Il ne suffit pas que le système soit bien pensé. Il doit être accessible à tous, et accompagné humainement.

Repenser l’inclusion numérique en santé

Face à ce constat, certaines initiatives voient le jour : des médiateurs numériques en centres de santé, des hôpitaux qui forment leurs patients, des maisons de santé qui conservent un accueil physique. Mais c’est encore trop peu.

Ce qu’il faut, c’est :

  • Former les publics éloignés du numérique à l’usage des outils de santé.
  • Maintenir un accueil humain dans les services médicaux et administratifs.
  • Créer des outils simples, clairs, adaptés à tous les niveaux de lecture.
  • Reconnaître l’illectronisme comme une inégalité de santé, au même titre que la précarité ou l’isolement.

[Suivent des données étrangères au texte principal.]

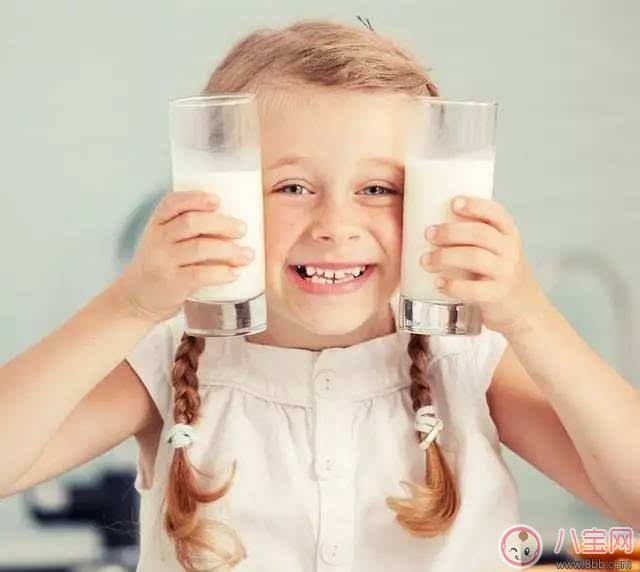 孩子吃奶片真的可以代替喝牛奶吗  吃奶片有哪些注意事项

La santé ne devrait pas dépendre d’un mot de passe

Il ne s’agit pas de revenir en arrière ou de refuser les progrès. La e-santé peut être une formidable avancée. Mais seulement si elle ne laisse personne de côté. Sinon, elle devient un facteur supplémentaire d’inégalité.


 l’illectronisme n’est pas qu’un problème technique ou administratif. C’est un problème de santé publique. Et tant qu’on ne l’abordera pas comme tel, des milliers de personnes resteront bloquées devant un écran… au lieu de voir un médecin.